[Stored entries]

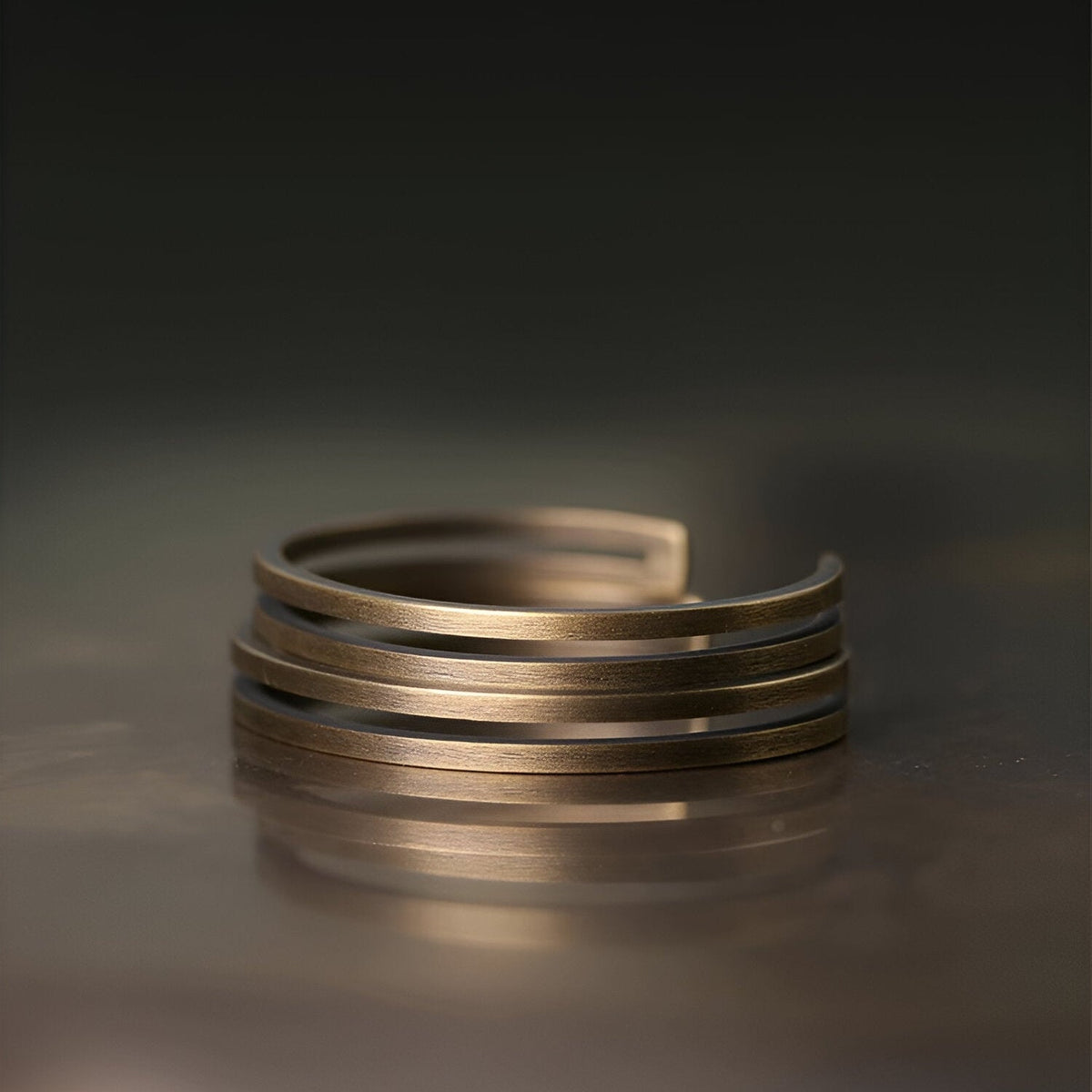 Bracelet jonc double en cuivre or vieux, finition mate, design minimaliste et élégant, mixte, modèle Artan.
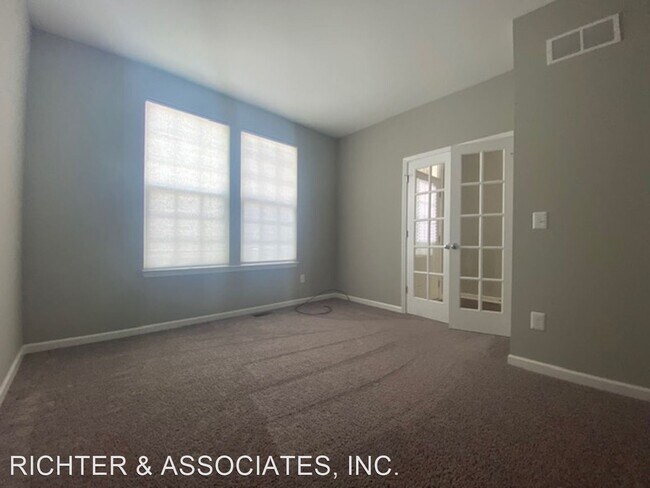 Building Photo - 4 br, 2.5 bath House - 36985 EVERETT DR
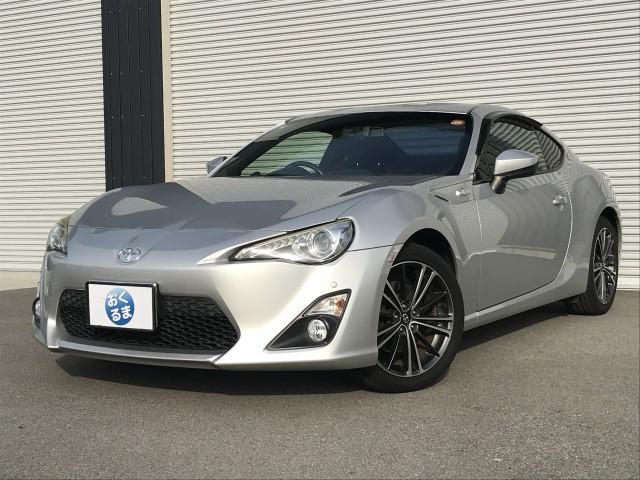 ８６ ＧＴ　パドルシフト６速　トルセンＬＳＤ　コーナーセンサー　★純正ナビＴＶ★Ｂｌｕｅｔｏｏｔｈ★ＥＴＣ【ナビ連動式】★バックモニター★コーナーセンサー付★ＶＳＣ－ＴＲＣ★サイド・カーテンエアバック★革巻きステアリング★パドルシフト【６速】（13枚目）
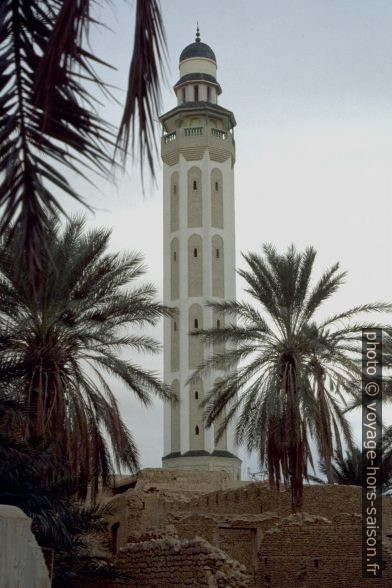 Minaret de la Grande mosquée de Tozeur. Photo © André M. Winter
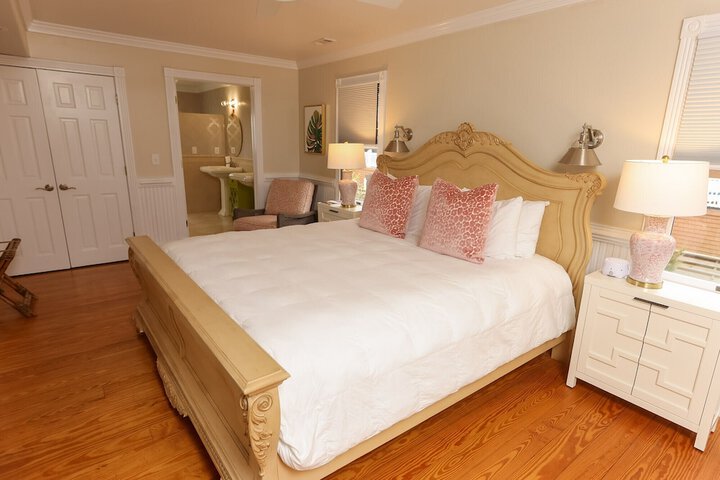 Room 45 of 114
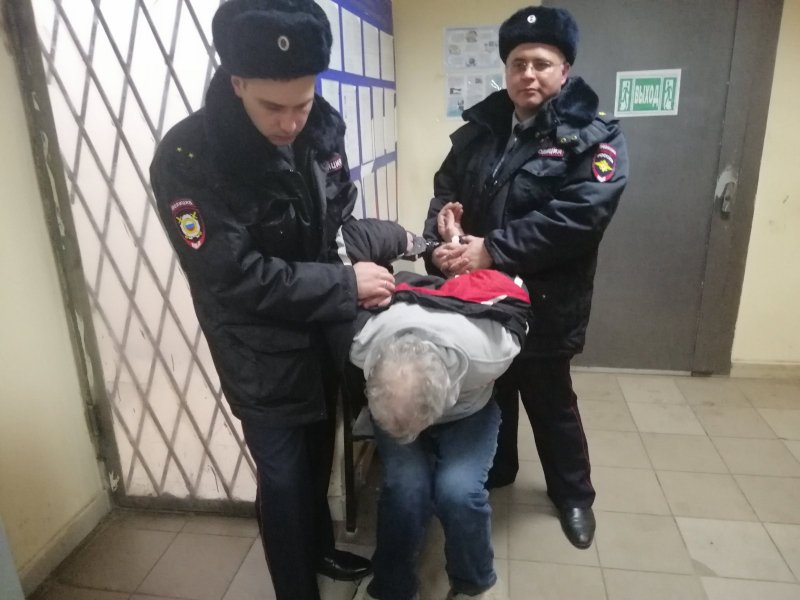 Надругался над школьницей: сбежавший из психбольницы ярославец напал на ребёнка в Иваново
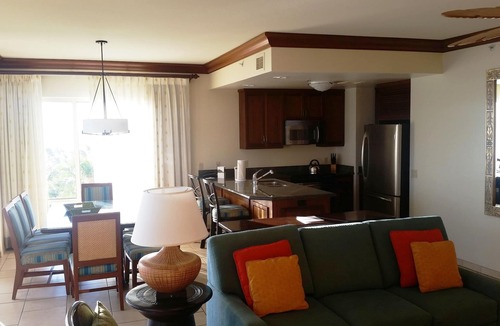 Kaanapali Villa | Large 3 Bedroom Ocean Front Villa on 7th floor, Lahaina Tower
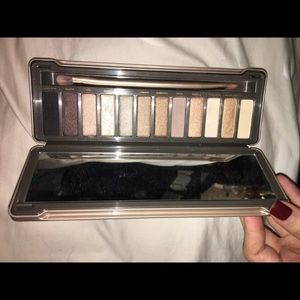 AUTHENTIC Naked 2 pallet
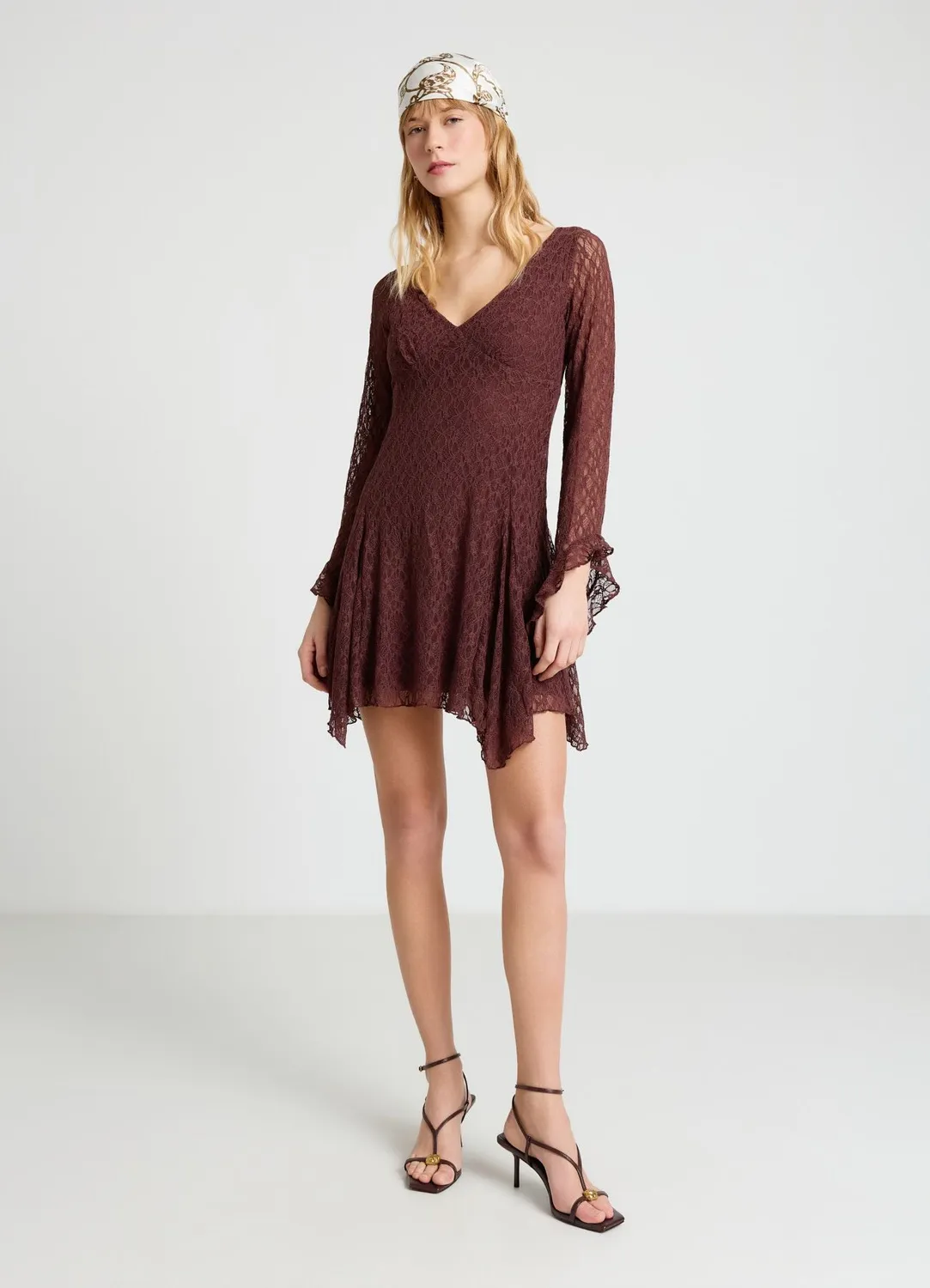 Calliope robe courte dentelle col V fleurs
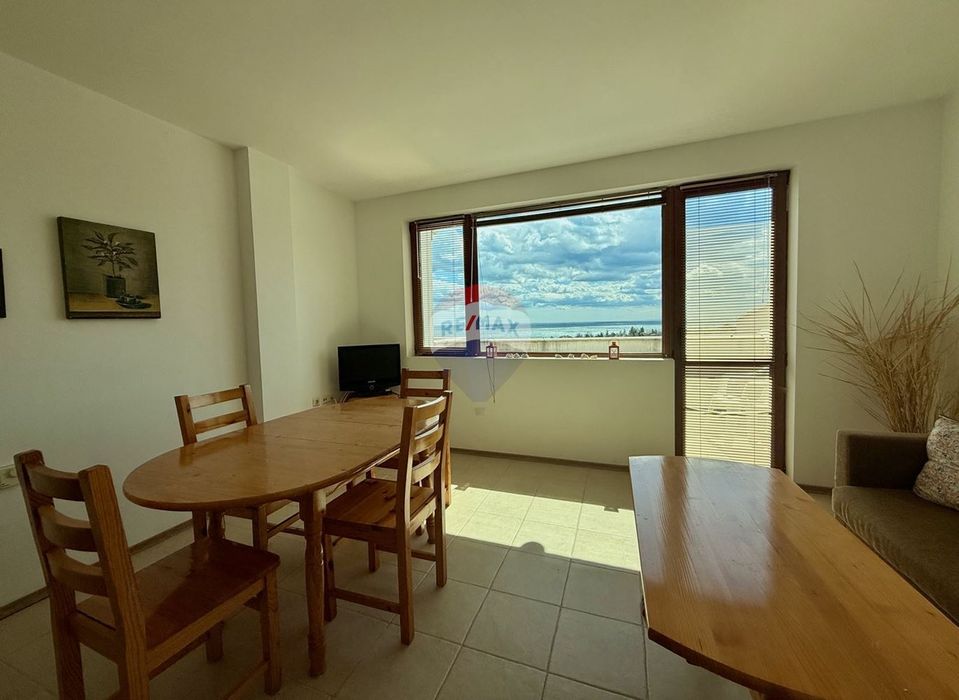 Продава се Тристаен апартамент в Балчик - 127 кв.м за 562 €/кв.м - Снимка #3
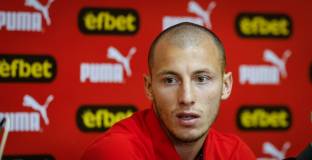 Бивш играч на ЦСКА помага на Лудогорец да реши проблема с Текпетей? 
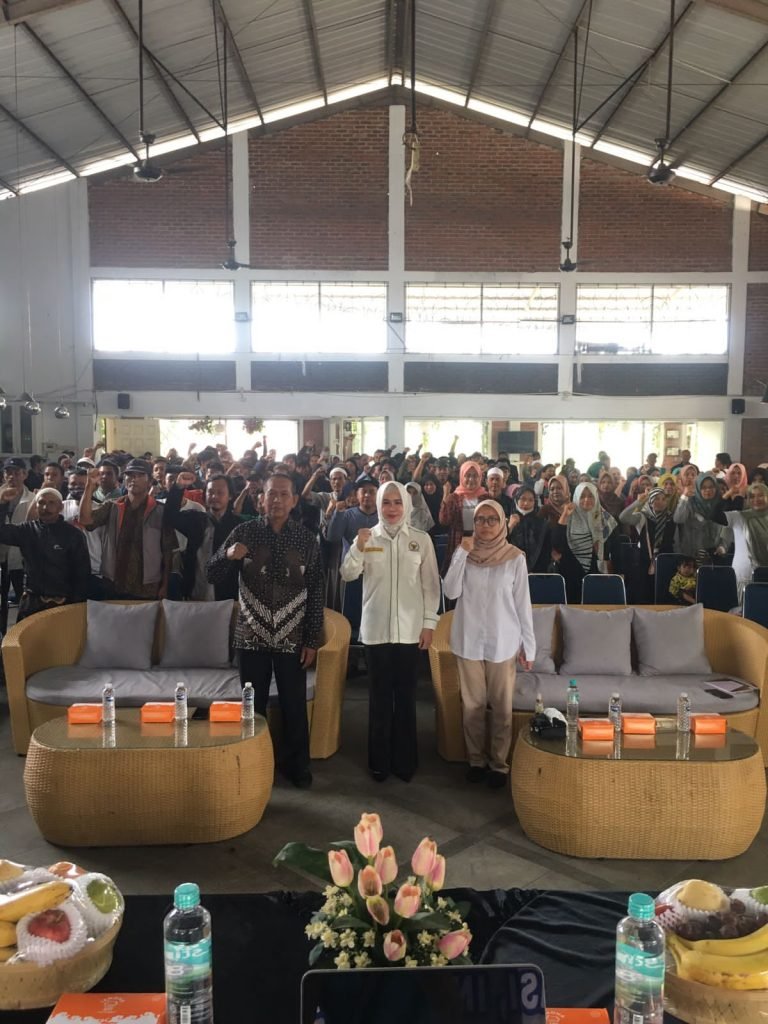 Nurhayati Bagikan Tips Cegah Stunting kepada Ratusan Masyarakat di Tasikmalaya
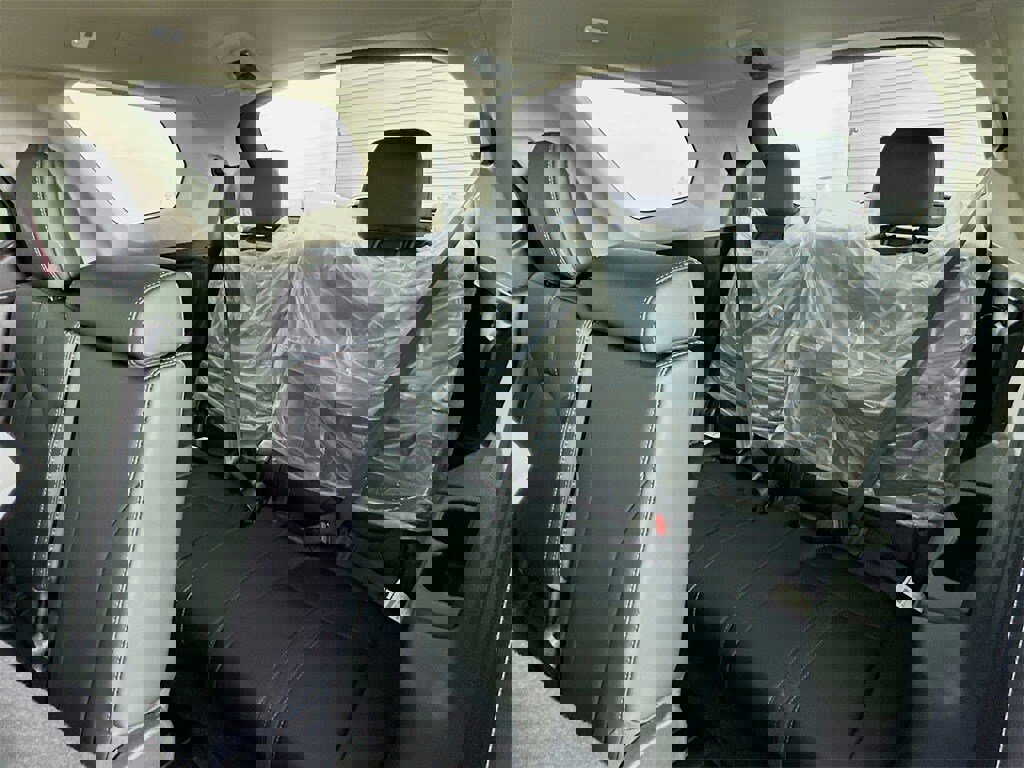 New 2025 Honda Pilot Touring image 32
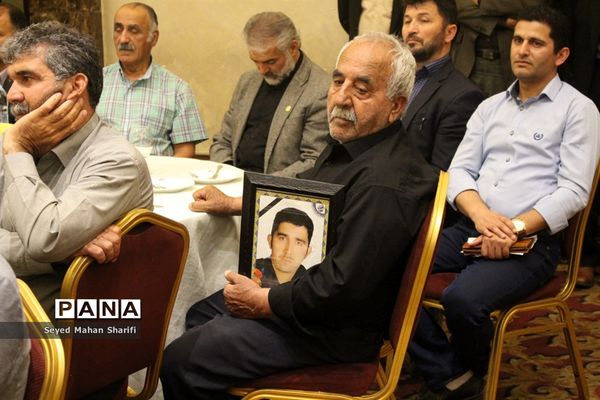 شانزدهمین همایش تجلیل از خانواده های اهداکننده عضو در استان البرز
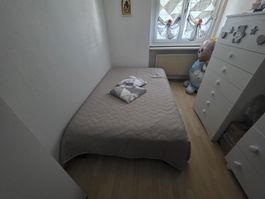 1 Kleiderschrank, 1 Schuhschrank, 1 kleines Doppelbett
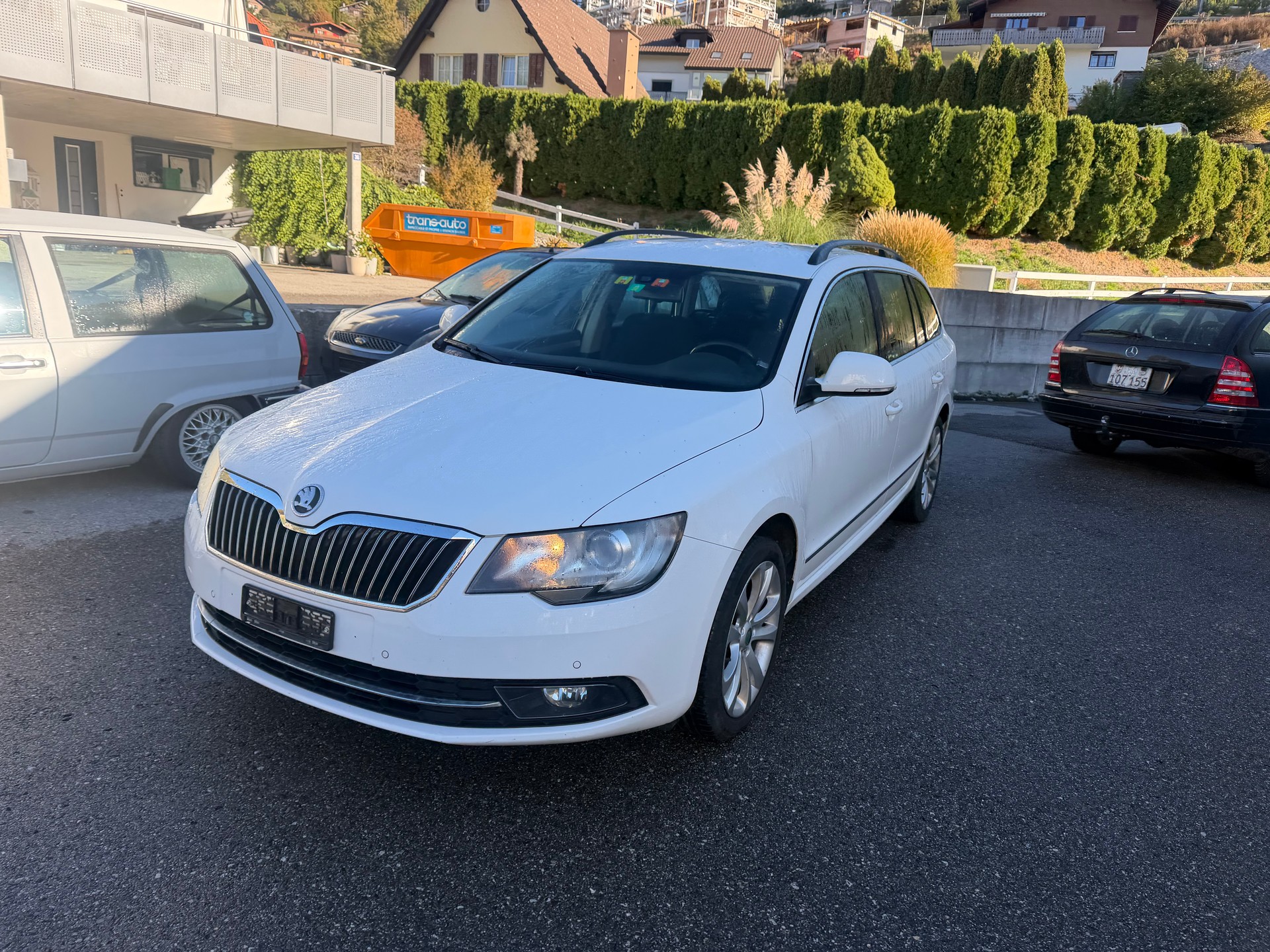 SKODA Superb Combi 2.0 TDi Elegance 4x4 DSG-image-2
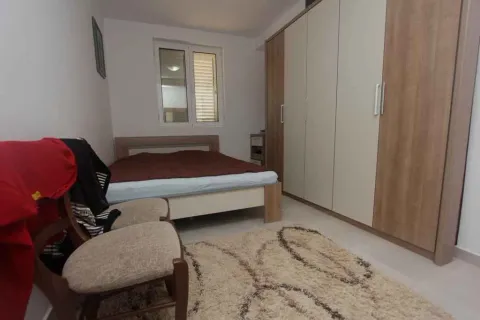 Jednostavno namještena spavaća soba sa bračnim krevetom i velikim ormarom. - image 17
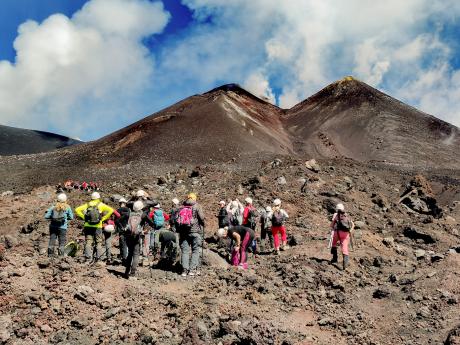 Skupina se připravuje na výstup na Etnu pod vedením místního průvodce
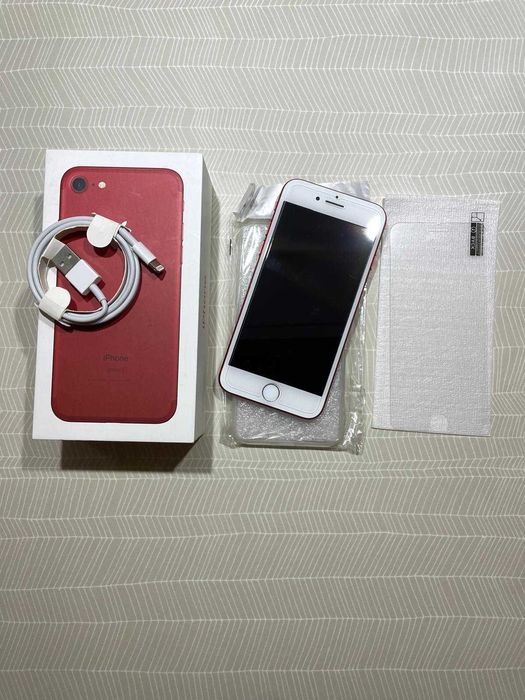 Apple iPhone 7 4 GB / 128 GB 4G (LTE) CZERWONY + + etui matowe silikon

» Required action
The entries above should be given again exactly, minus any pictures.

» Completed exercise
 Bracelet jonc double en cuivre or vieux, finition mate, design minimaliste et élégant, mixte, modèle Artan.
 Building Photo - 4 br, 2.5 bath House - 36985 EVERETT DR
 ８６ ＧＴ　パドルシフト６速　トルセンＬＳＤ　コーナーセンサー　★純正ナビＴＶ★Ｂｌｕｅｔｏｏｔｈ★ＥＴＣ【ナビ連動式】★バックモニター★コーナーセンサー付★ＶＳＣ－ＴＲＣ★サイド・カーテンエアバック★革巻きステアリング★パドルシフト【６速】（13枚目）
 Minaret de la Grande mosquée de Tozeur. Photo © André M. Winter
 Room 45 of 114
 Надругался над школьницей: сбежавший из психбольницы ярославец напал на ребёнка в Иваново
 Kaanapali Villa | Large 3 Bedroom Ocean Front Villa on 7th floor, Lahaina Tower
 AUTHENTIC Naked 2 pallet
 Calliope robe courte dentelle col V fleurs
 Продава се Тристаен апартамент в Балчик - 127 кв.м за 562 €/кв.м - Снимка #3
 Бивш играч на ЦСКА помага на Лудогорец да реши проблема с Текпетей? 
 Nurhayati Bagikan Tips Cegah Stunting kepada Ratusan Masyarakat di Tasikmalaya
 New 2025 Honda Pilot Touring image 32
 شانزدهمین همایش تجلیل از خانواده های اهداکننده عضو در استان البرز
 1 Kleiderschrank, 1 Schuhschrank, 1 kleines Doppelbett
 SKODA Superb Combi 2.0 TDi Elegance 4x4 DSG-image-2
 Jednostavno namještena spavaća soba sa bračnim krevetom i velikim ormarom. - image 17
 Skupina se připravuje na výstup na Etnu pod vedením místního průvodce
 Apple iPhone 7 4 GB / 128 GB 4G (LTE) CZERWONY + + etui matowe silikon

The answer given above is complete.